Tuesday, July 6, 2010

Movie Notes

ACROSS THE PACIFIC, 1942, directed by John Huston and Vincent Sherman.

Set at the eve of Pearl Harbor, Across the Pacific is a spy film starring: Humphrey Bogart as Richard (Rick) Leland, a disgraced navy captain turned patriot; Mary Astor as Alberta Marlow; and Sydney Greenstreet as Dr. Lorenz, a sociology professor loyal to the Japanese. Each with a different agenda, Marlow, Lorenz and Rick board a Japanese ship from Canada en route to China via the Panama Canal. The ship stops in New York, where Rick gives a military intelligence officer information about Lorenz. It is subsequently detained in Panama.
I preferred the sub-plots to the largely incomprehensible main plot, however.
Nefarious, oily and seemingly invincible, Greenstreet reprises his Maltese Falcon role. Likewise for Bogart who is again stoic, hard-working, and hard-talking. He exemplifies gritty humor when, sickened after too many drinks, he tells Astor, “Close the door when you leave.” “I want to die alone without a friend.” He is a philosopher for the little guy.
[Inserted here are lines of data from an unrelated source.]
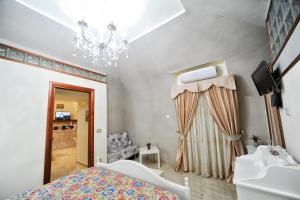 Posteľ alebo postele v izbe v ubytovaní B&B Punto Stella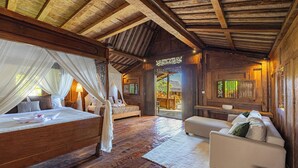 Una cabaña de madera con una cama, un sofá y una zona de comedor.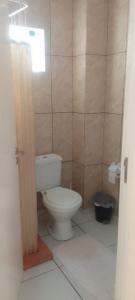 a bathroom with a white toilet in a room at Jardim Urbano Cambará do Sul in Cambara do Sul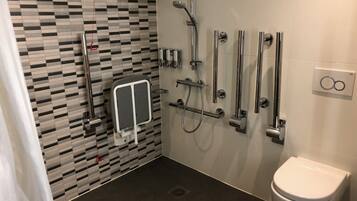 Ein modernes Badezimmer mit Wandfliesen im Schachbrettmuster, einer weißen Toilette und einer Dusche mit mehreren Bedienelementen.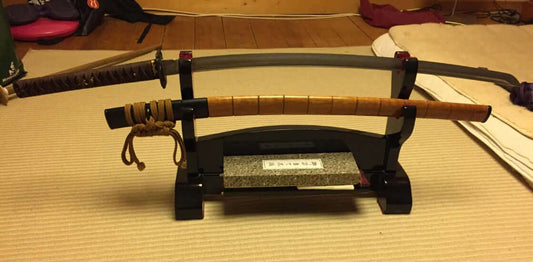 Japanese katana swords displayed on a stand, showcasing their elegance, symbol of samurai culture, Why Japanese Katana.
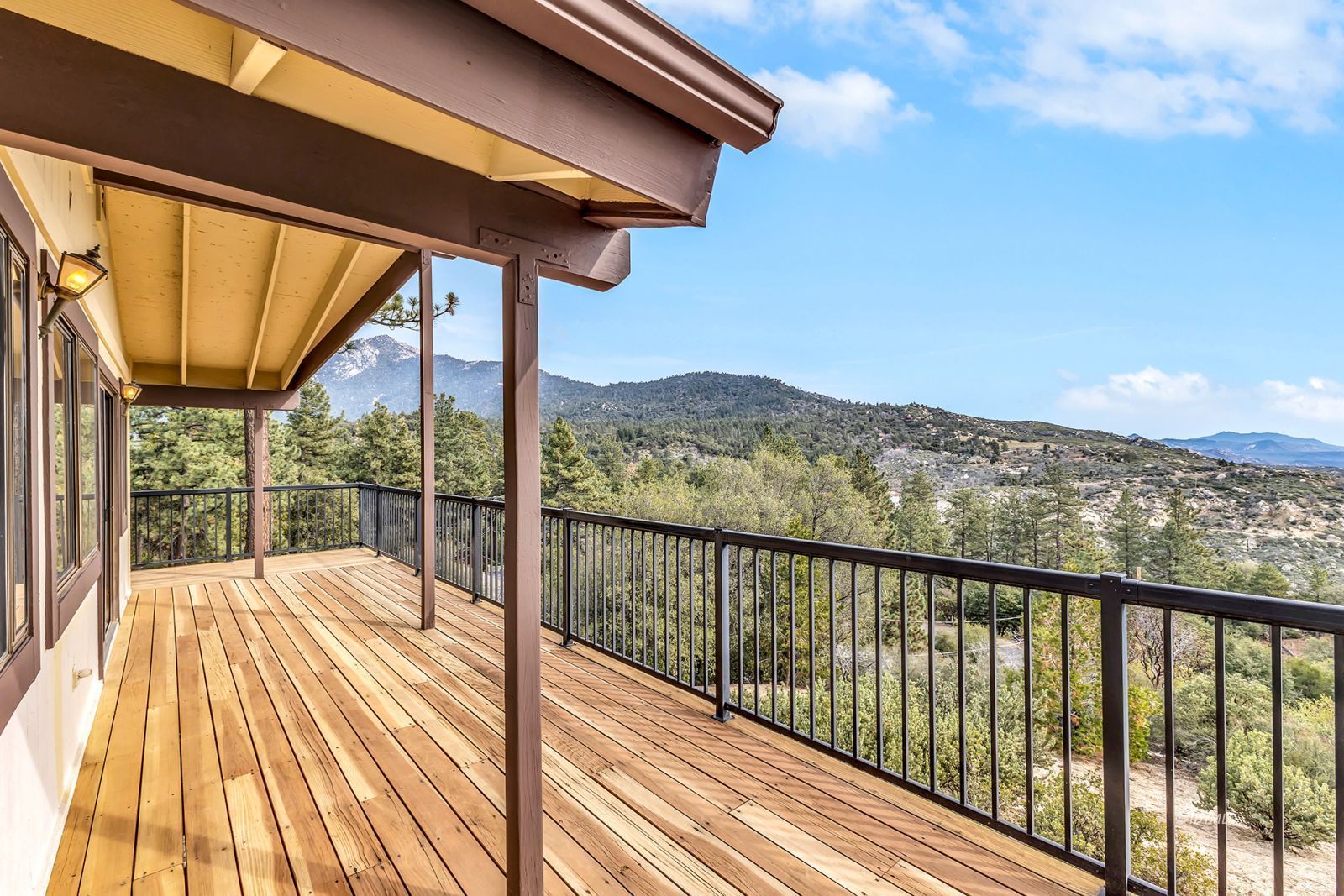 53440 West Ridge Road Idyllwild, CA 92549 - Photo 41 of 66 a view of a balcony with a floor to ceiling windows with wooden floor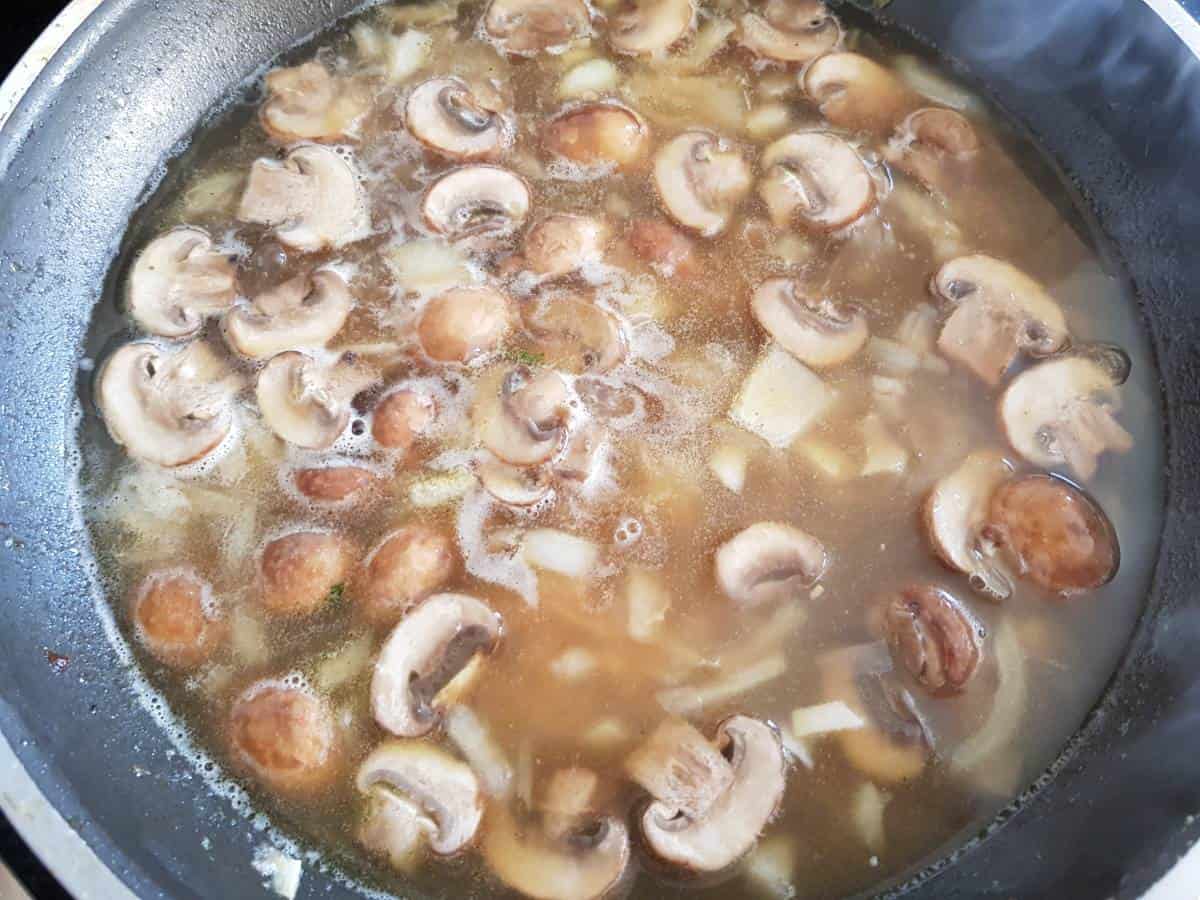 Marsala sauce in a frying pan.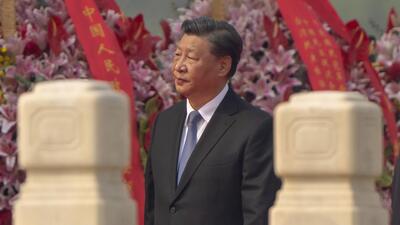 Chinese President Xi Jinping walks past floral bouquets during a ceremony to mark Martyr's Day at the Monument to the People's Heroes at Tiananmen Square in Beijing, on Friday. (AP) Chinese President Xi Jinping walks past floral bouquets during a ceremony to mark Martyr's Day at the Monument to the People's Heroes at Tiananmen Square in Beijing, on Friday. (AP)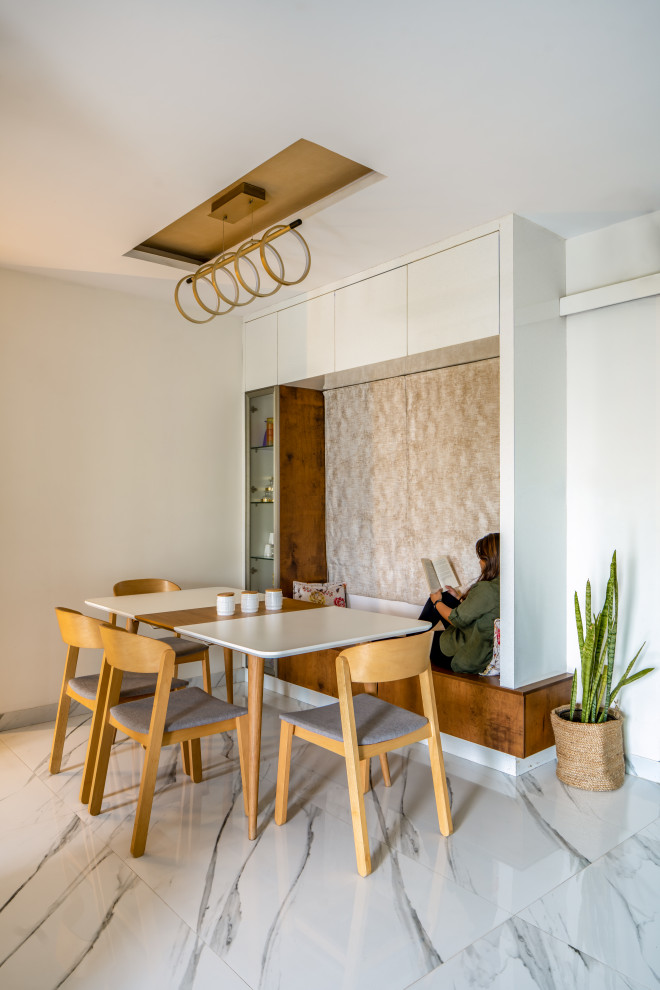 Dining room - contemporary dining room idea in Bengaluru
The film is sexy. Bogart and Astor waste no time in getting chummy. He often remarks on her scanty attire. When Greenstreet walks in on him searching Astor's belongings Bogart brushes it off by saying, “You’d be surprised how little girls wear these days.” Afterwards, Astor, suffering sunburn, has removed the shoulder straps of her swimsuit and covers her breasts only by clutching the garment over them. When she and Bogart kiss and the scene changes to a later time, the stark dichotomy is revealed between the explicitness of modern films and the understatement of classic ones like this.

The outstanding art direction makes me forget that the filming happens in a single Hollywood studio. When Bogart and Astor disembark in New York, black-coated people move at a New York pace. The pier is cold, hard and straight-edged, exemplified by the diagonally aligned magazines of a news kiosk. In one scene, light shining through venetian blinds falls diagonally on a wall as in an Edward Hopper interior.
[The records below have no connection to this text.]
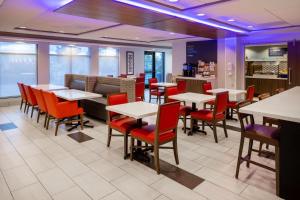 Holiday Inn Express - Coventry S - West Warwick Area, an IHG Hotel في كوفنتري: غرفة طعام مع طاولات وكراسي حمراء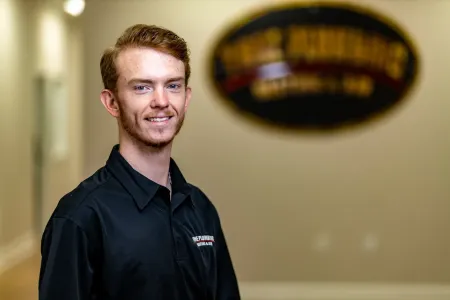 Smiling man in a black shirt standing in an office hallway with a blurred sign behind him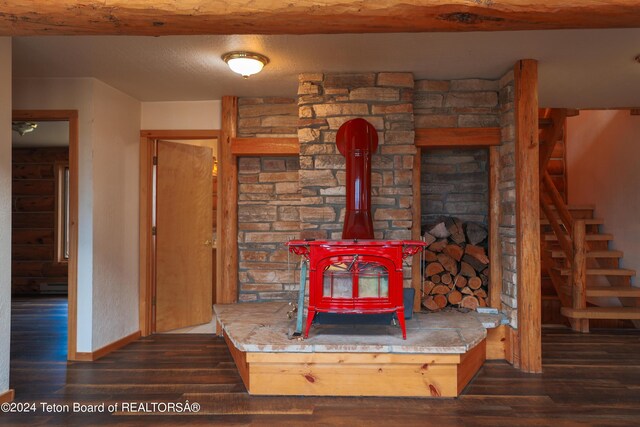 interior details with hardwood / wood-style floors and a wood stove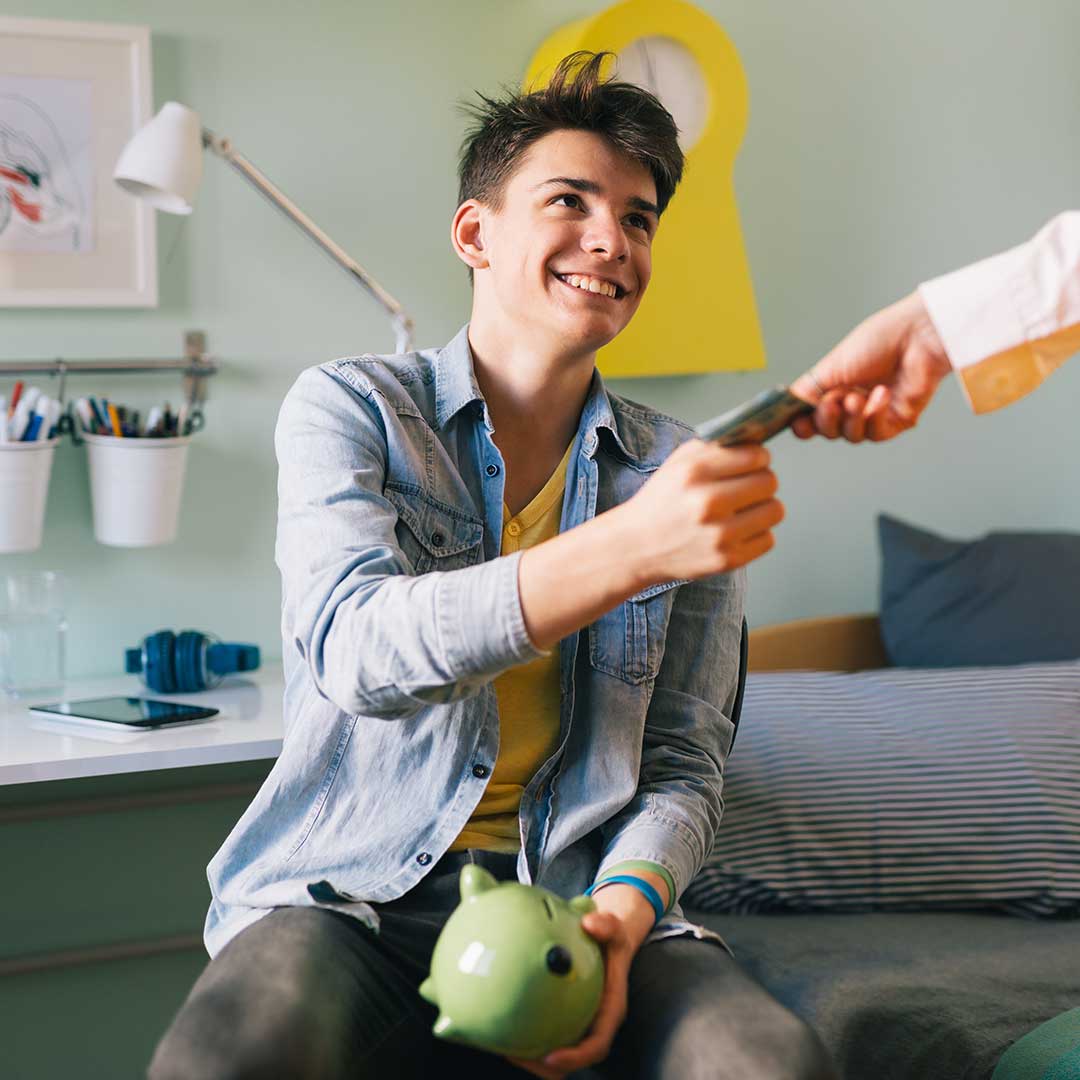 Teenager mit Sparschwein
Later, the Pan American Hotel in Panama has high ceilings, shaded interiors and arched doorways. As ice cubes tinkle, the shadows of swirling fans are seen on the walls.
When sinister goons come after Bogart, poetry takes precedence over realism as a pure ballet of action unfolds. Men in white suits and white hats shoot guns and throw knives against a backdrop of strongly contrasting light and shadow. Bogart (or his stunt man) pirouettes from rooftops like Jackie Chan, escaping attack while taking down the bad guys, all as if in a dance.